Sans doute pour ne pas être taxé d’arrogance, Froome, comme Armstrong (ce dernier après quelques années de règne), répond en français aux interviews, essaie d’avoir plus sympa et humain, fait courtoisement et chaque jour l’éloge de ses adversaires, et explique toujours que l’étape «encore une fois a été très difficile».

6. Il a un coup de pédale atypique en montagne

La très haute «fréquence de pédalage» d’Armstrong a fasciné dès son retour sur le Tour en 1999 et contribuait à cette impression d’énergie folle qu’il dégageait. Le coup de pédale «mobylette» de Froome, lorsqu’il accélère assis, est tout aussi singulier et irrésistible. En plus, ils ont comme un masque en course qui les rend indéchiffrables pour leurs adversaires.

7. Il traîne des soupçons de dopage depuis des années mais ne se fait jamais prendre

Armstrong était soupçonné déjà avant son cancer. Ensuite, il a accumulé diverses affaires (un certificat antidaté pour un contrôle positif aux corticoïdes en 1999) et ses performances ont généré le soupçon et suscité de vastes enquêtes journalistiques. Mais officiellement, il n’a jamais été sanctionné durant sa carrière. Idem pour Froome, qu’on a dit longtemps victime d’une «maladie affaiblissante» (la bilharziose, contractée en Afrique) et bardé ensuite de prescriptions médicales. Son extrême maigreur (qui n’entame en rien sa puissance) et ses accélérations hallucinantes, par exemple dans le Ventoux en 2013 ont suscité bien des interrogations. «Lance Armstrong, sors de ce corps», s’exclamera même le commentateur de la RTBF Rodrigo Beenkens, habituellement réservé sur le sujet. Mais aucun contrôle positif jusqu’ici!

8. On ne le voit quasi que 2 mois par an et sur le Tour, il est toujours au top

Faut-il ne se consacrer qu’au Tour pour le gagner? Avec Indurain, c’était déjà une sorte de tradition. Armstrong courait parfois l’une ou l’autre classique du printemps, mais sans jamais vraiment briller. À partir du Dauphiné en juin, il montait en puissance, et au Tour, il semblait invincible. On ne voit guère plus Froome, qui ne court aucune classique et ne se teste vraiment qu’au Dauphiné (cette année, c’était pas la gloire). Il s’aligne parfois en fin de saison au Tour d’Espagne, mais sans paraître concerné.

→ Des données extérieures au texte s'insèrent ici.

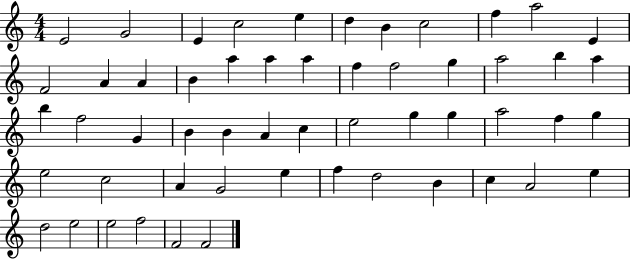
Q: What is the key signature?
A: C major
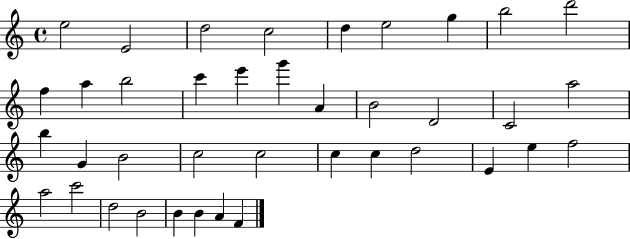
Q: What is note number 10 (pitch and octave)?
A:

9. Il va peut-être gagner lui aussi sept tours

Sauf accident, on ne voit pas qui le battra cette année, d’autant qu’il y a un contre-la-montre à la fin. Et ça fera quatre victoires. Restera trois tours à gagner. Il a 32 ans déjà, mais Armstrong a gagné son dernier tour à 34 ans. Tout est donc possible.

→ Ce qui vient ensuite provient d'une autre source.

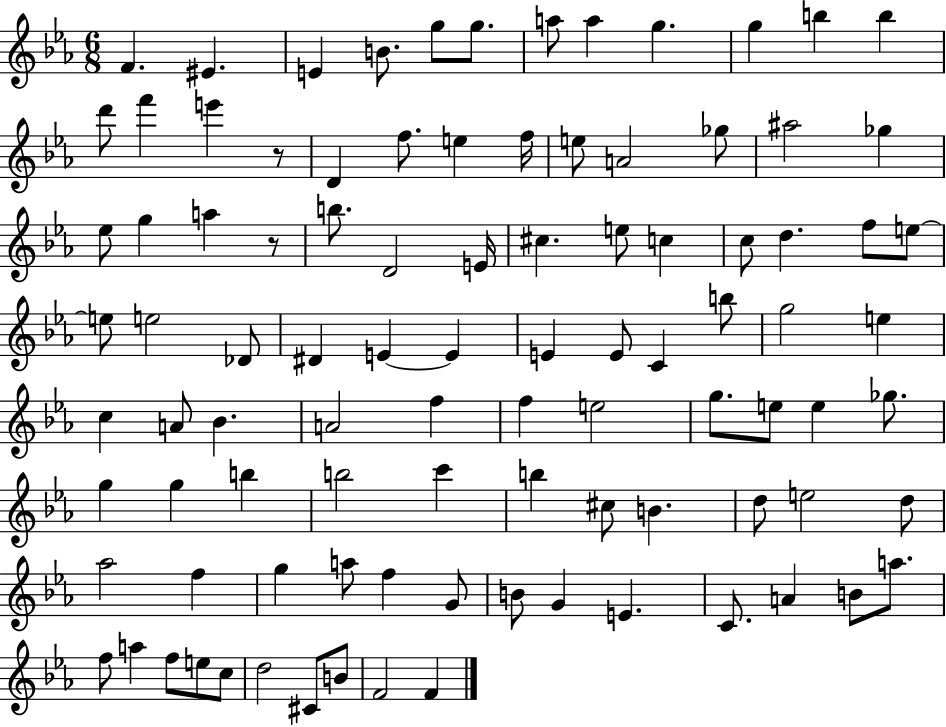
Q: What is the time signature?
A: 6/8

10. Il lui arrive des incidents bizarres en course

On se souvient d’Armstrong traversant un champ tel un cyclocrossman pour avoir dû éviter la chute de Beloki (2 003). Dans un registre différent mais tout aussi insolite, l’an dernier, on a vu Froome courant à pied dans le Ventoux en attendant qu’on lui livre un autre vélo. Des «images fortes» qui repassent à chaque évocation de leur carrière.